KALUMBA MWANA NGONGO : “Nous sommes le coffre-fort du monde, mais nous vivons dans la pauvreté”

Kinshasa, 11 octobre 2025 — Lors de son intervention remarquée à Expobéton 2025, le ministre congolais des Petites et Moyennes Entreprises (PME), KALUMBA MWANA NGONGO, a livré un message fort sur la responsabilité collective et la transformation économique du pays.

“La remise en question de soi-même est essentielle. Pourquoi ? Parce que nous sommes le coffre-fort du monde, mais nous vivons dans la pauvreté”, a lancé le ministre devant un auditoire attentif.
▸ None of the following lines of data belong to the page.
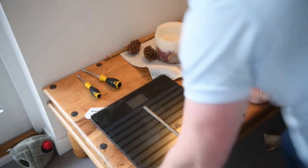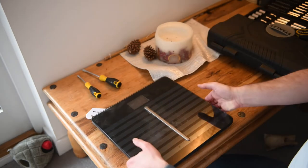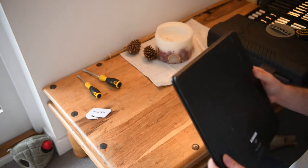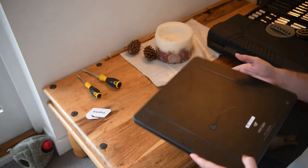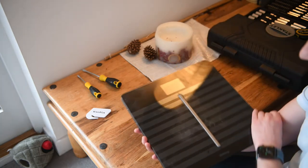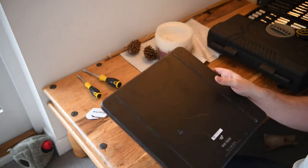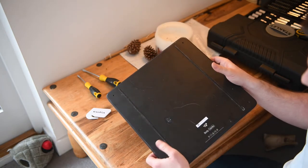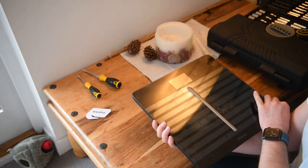Okay, so I wanted to make a quick video because I have not seen any good instructions on how to replace the batteries on the Withings Body Cardio Smart Scale. I guess it's not Nokia.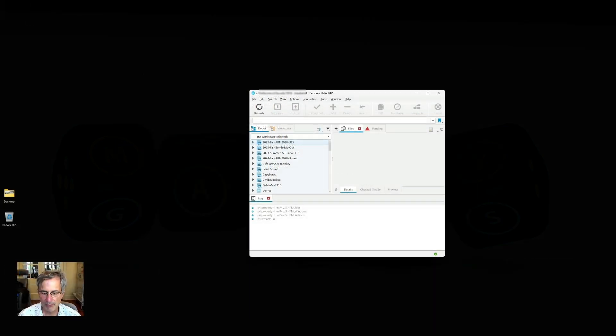Next up we'll be looking at creating a workspace for using Perforce in Unreal.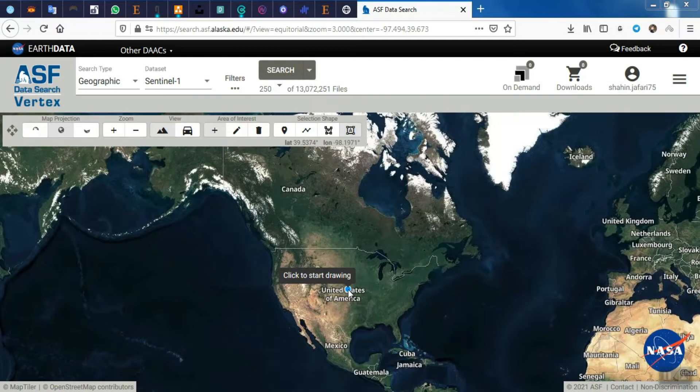The digital elevation model can be called a raster map. This raster map contains altitude information. In remote sensing and GIS, we need to have a digital elevation model, and having access to a digital elevation model with suitable spatial resolution is one of the basic conditions for improving the quality of work in the field of remote sensing and GIS.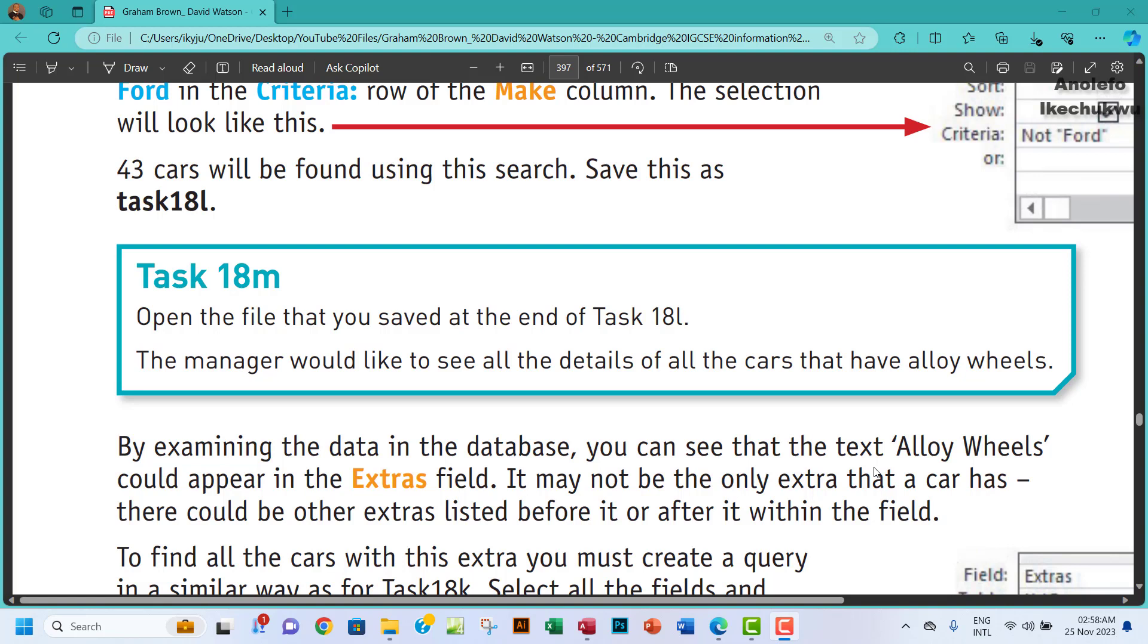Hello guys, welcome to this video. I'll be looking at Task 18M. The question says open the file that you saved at the end of Task 18L. The manager would like to see all the details of all the cars that have alloy wheels.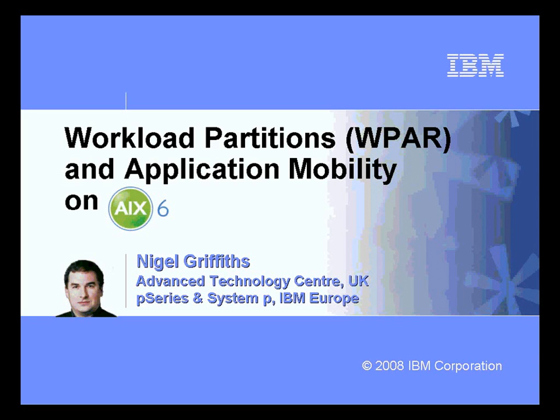Hello, my name is Nigel Griffiths. I work in the Advanced Technology Centre in the UK as part of IBM Europe. This movie is about Workload Partitions, or WPAR for short, and Application Mobility, where we move these WPARs between machines. This is all part of AIX6.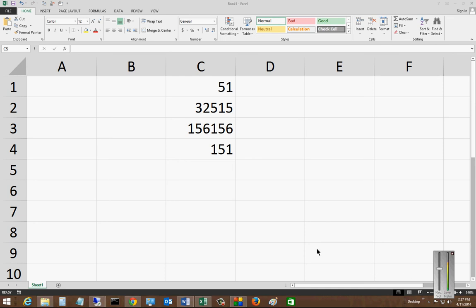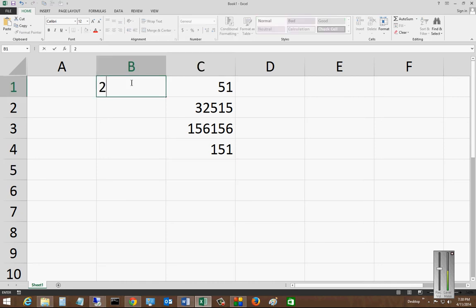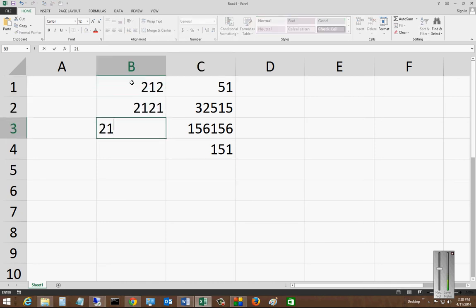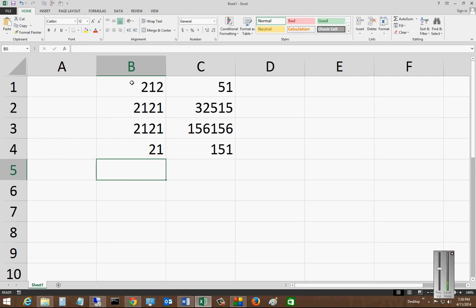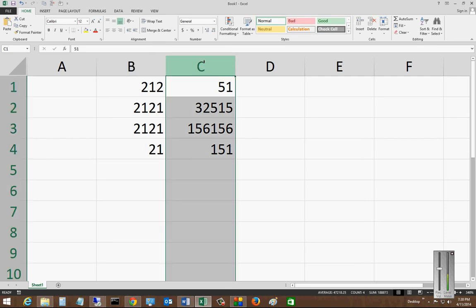We're in Microsoft Excel 2013. I'm going to show you how to delete a column. If you have columns full of data and you realize you just no longer need one of those columns, you can simply highlight the column at the top.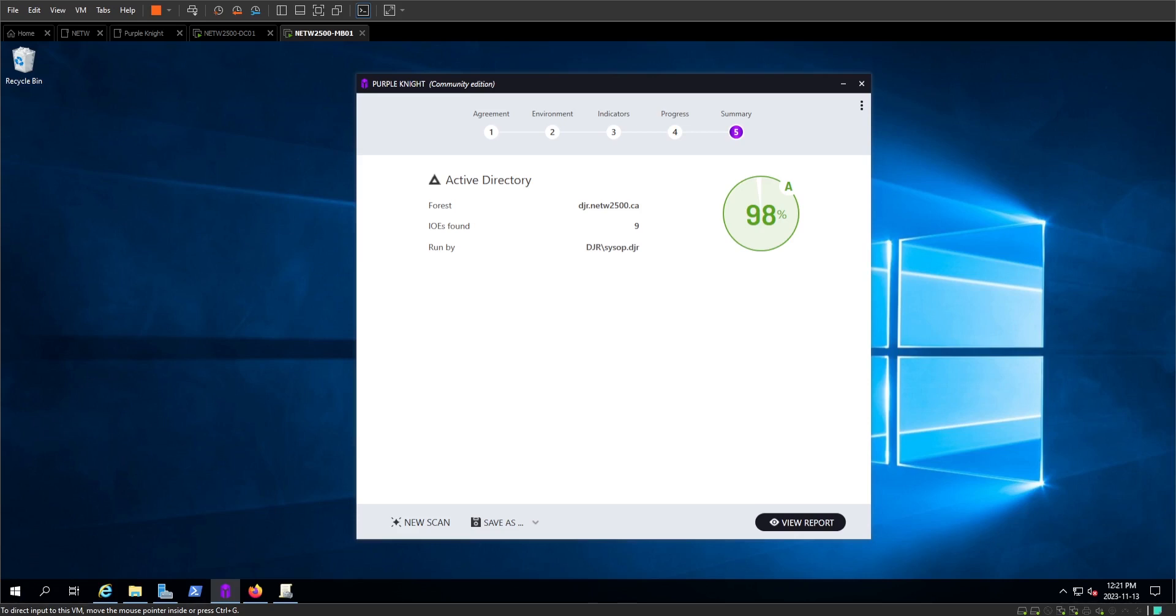We're going to dive into a report I've already ran. This is on a very simple active directory setup. It's actually just assignment 2 from NetW. That's why it's doing so well, because there's not a whole lot of complexity to it. But there are still some things that we could fix up here. Let's take a look at the report.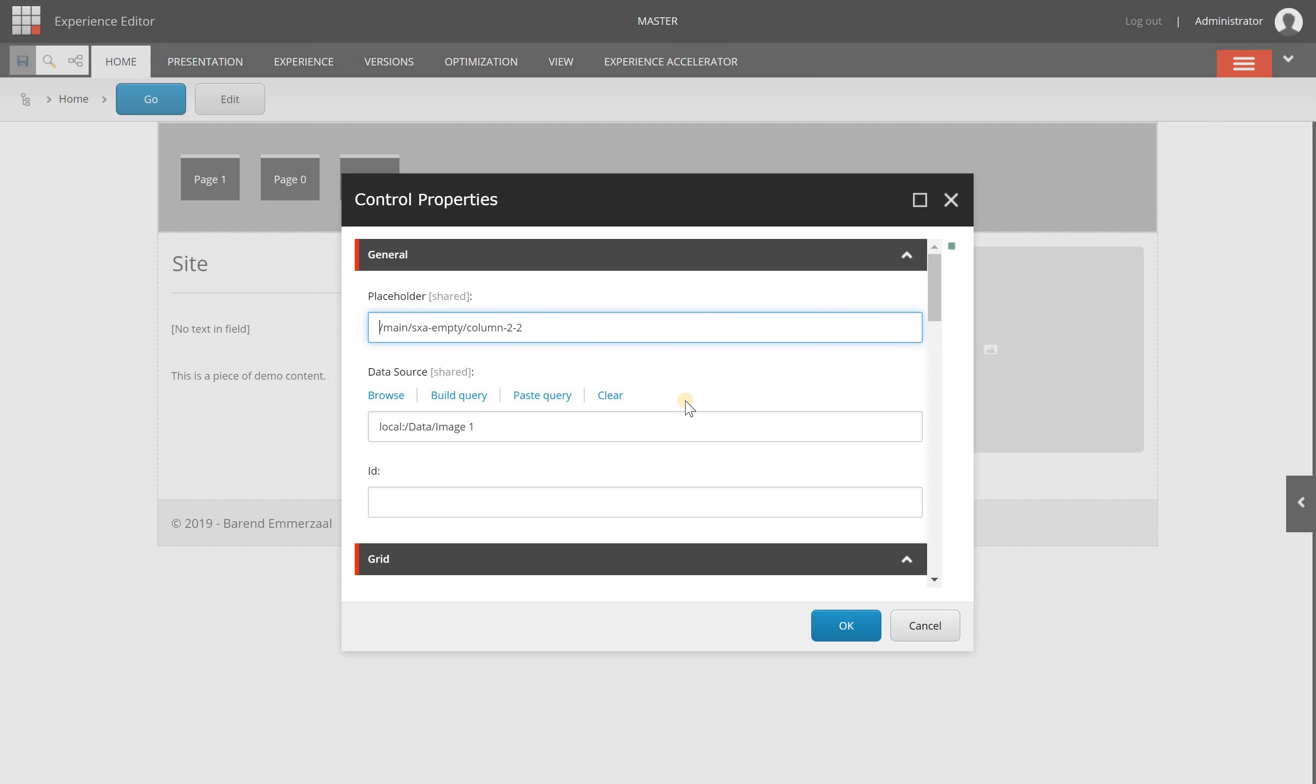This popup will appear and gives me options to configure how this component will behave. The options you see here can differ from what you'll see on your components because I'm using the Sitecore Experience Accelerator framework, which contains default components with default properties. In your situation, it can be different, so don't look for exactly the same things.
Trois leviers pour transformer le potentiel congolais

Le ministre a insisté sur la nécessité d’une approche structurée pour libérer l’énergie entrepreneuriale de la jeunesse congolaise. Trois piliers, selon lui, sont indispensables :
1. La capacitation : “Même si nous avons des talents naturels, il faut être formé. Cela passe par le mentorat, l’éducation et la formation continue.”
2. L’accès au crédit : KALUMBA MWANA NGONGO a mis en avant la création du Fonds de garantie de l’entrepreneuriat congolais (FOGEC), une initiative destinée à lever l’un des plus grands freins à la croissance des PME.
3. L’accès aux marchés : Il a rappelé l’action de l’ARSP (Autorité de Régulation de la Sous-Traitance dans le Secteur Privé), qui réserve 40 % des marchés publics aux PME congolaises.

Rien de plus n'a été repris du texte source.